A hand-spun and handwoven purple and blue scarf - merino, botany waste, bamboo and silk, spun by Emma Baker on an Ashford wheel in Salisbury
This scarf is woven by Emma Baker on a rigid heddle loom in Salisbury, Wiltshire from yarn she spun herself on an Ashford spinning wheel. The yarn is not a commercial product: Emma spins it from a blend of four fibres - long-staple merino, botany waste merino, bamboo and silk - each contributing a different quality to the finished scarf.
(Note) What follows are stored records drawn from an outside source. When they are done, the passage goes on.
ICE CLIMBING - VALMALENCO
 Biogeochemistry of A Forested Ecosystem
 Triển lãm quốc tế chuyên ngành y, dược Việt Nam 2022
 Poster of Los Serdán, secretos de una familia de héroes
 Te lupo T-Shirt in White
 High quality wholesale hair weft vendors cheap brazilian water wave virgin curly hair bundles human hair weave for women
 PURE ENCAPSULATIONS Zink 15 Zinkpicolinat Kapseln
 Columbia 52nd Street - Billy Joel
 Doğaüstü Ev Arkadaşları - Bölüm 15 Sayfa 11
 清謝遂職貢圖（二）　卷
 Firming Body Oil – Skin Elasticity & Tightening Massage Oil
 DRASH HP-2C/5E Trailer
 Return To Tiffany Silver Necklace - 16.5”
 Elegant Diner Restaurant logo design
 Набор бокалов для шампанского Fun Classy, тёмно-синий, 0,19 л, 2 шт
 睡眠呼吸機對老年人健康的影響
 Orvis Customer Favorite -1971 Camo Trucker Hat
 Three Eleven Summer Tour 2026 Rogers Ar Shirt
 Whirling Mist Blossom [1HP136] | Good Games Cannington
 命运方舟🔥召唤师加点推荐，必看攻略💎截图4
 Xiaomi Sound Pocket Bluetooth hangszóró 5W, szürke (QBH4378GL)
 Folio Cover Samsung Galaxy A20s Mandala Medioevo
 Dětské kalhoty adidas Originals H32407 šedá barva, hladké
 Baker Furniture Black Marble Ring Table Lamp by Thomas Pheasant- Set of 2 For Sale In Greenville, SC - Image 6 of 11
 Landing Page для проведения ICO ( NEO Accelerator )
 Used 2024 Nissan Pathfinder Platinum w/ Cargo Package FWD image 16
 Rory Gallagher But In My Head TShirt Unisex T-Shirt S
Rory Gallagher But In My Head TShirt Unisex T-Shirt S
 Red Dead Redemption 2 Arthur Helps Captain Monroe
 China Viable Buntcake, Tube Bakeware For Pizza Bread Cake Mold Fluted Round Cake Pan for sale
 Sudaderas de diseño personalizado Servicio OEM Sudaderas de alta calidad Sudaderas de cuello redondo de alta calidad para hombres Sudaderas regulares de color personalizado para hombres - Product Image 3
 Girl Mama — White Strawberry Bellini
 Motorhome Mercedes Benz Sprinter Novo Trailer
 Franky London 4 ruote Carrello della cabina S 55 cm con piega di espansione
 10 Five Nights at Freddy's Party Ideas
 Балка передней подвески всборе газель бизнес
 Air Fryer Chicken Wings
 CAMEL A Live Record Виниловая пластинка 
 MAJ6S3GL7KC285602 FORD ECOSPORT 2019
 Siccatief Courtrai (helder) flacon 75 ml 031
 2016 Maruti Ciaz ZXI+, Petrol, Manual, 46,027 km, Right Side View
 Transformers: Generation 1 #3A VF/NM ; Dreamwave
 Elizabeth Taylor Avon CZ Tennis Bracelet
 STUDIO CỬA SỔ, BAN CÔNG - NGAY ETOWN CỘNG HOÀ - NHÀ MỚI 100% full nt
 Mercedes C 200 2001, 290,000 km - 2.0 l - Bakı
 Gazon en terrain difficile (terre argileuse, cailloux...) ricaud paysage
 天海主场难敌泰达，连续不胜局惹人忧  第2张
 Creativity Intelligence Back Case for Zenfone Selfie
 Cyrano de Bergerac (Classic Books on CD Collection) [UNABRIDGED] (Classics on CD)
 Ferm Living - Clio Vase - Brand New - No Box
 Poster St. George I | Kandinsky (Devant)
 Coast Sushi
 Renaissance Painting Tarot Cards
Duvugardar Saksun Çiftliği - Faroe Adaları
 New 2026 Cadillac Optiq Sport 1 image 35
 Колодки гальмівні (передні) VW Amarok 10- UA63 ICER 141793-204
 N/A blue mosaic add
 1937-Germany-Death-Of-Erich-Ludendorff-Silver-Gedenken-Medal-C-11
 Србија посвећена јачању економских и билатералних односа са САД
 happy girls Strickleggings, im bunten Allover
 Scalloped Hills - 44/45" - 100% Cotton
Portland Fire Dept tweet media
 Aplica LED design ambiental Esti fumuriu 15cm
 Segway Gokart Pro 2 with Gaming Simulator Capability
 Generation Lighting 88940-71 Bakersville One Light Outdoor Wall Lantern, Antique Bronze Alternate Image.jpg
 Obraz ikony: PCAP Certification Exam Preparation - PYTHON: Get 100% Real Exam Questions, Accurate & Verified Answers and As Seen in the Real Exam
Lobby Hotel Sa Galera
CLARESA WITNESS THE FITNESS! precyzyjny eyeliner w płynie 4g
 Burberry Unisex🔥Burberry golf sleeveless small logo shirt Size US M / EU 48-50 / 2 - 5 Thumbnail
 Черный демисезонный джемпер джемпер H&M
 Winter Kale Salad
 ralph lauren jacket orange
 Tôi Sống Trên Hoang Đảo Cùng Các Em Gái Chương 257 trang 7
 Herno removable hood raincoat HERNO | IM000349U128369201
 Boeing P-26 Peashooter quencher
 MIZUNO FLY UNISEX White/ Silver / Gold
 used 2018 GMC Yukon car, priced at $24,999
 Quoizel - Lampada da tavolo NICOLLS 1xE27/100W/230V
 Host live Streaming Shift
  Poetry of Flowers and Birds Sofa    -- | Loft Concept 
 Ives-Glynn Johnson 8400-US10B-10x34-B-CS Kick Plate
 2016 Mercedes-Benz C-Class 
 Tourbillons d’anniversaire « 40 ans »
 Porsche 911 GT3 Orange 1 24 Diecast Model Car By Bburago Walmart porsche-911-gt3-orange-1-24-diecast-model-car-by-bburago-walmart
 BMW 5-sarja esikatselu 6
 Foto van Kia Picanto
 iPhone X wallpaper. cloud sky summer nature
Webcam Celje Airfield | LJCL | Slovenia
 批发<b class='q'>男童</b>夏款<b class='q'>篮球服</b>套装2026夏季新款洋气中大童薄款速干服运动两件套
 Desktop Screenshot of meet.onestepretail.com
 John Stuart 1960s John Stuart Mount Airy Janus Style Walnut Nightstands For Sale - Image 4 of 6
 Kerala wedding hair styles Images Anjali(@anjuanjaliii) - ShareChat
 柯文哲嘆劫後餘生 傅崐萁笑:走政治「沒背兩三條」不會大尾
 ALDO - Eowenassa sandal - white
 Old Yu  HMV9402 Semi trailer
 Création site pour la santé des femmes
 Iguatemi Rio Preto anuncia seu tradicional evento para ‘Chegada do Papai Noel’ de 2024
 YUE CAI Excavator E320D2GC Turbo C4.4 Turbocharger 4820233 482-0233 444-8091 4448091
What is botany waste - and why it matters
When long-staple merino fleece is combed to align the fibres for spinning, the short fibres that fall out during combing are called botany waste. These are fine merino offcuts - material that commercial production treats as a by product. Emma spins botany waste back into the yarn rather than letting it go to waste, blending it with the long-staple merino to add body and a slightly more textured quality to the yarn's surface. To this merino and botany waste base, Emma adds bamboo fibre (which contributes a cool, smooth quality and natural moisture management) and silk (which adds sheen and a fluid drape). The resulting yarn is a blend that no commercial spinner produces: four fibres, two of which are materials that standard yarn production would discard or ignore. Each batch is slightly different because the botany waste component varies. There is no exact replica of this yarn.
Three variations
All three are woven from the same hand-spun merino, botany waste, bamboo and silk yarn on Emma’s rigid heddle loom. The differences are in length and fringe:
Variant A: 21cm wide × 160cm long, with a 10cm twisted fringe at each end. The longest fringe of the three - a more dramatic, flowing finish.
Variant B: 22cm wide × 166cm long, with a 6cm fringe at each end. The longest scarf of the three.
Variant C: 22cm wide × 165cm long, with a 6cm fringe at each end.
Select your preferred variant from the drop-down menu before adding to cart.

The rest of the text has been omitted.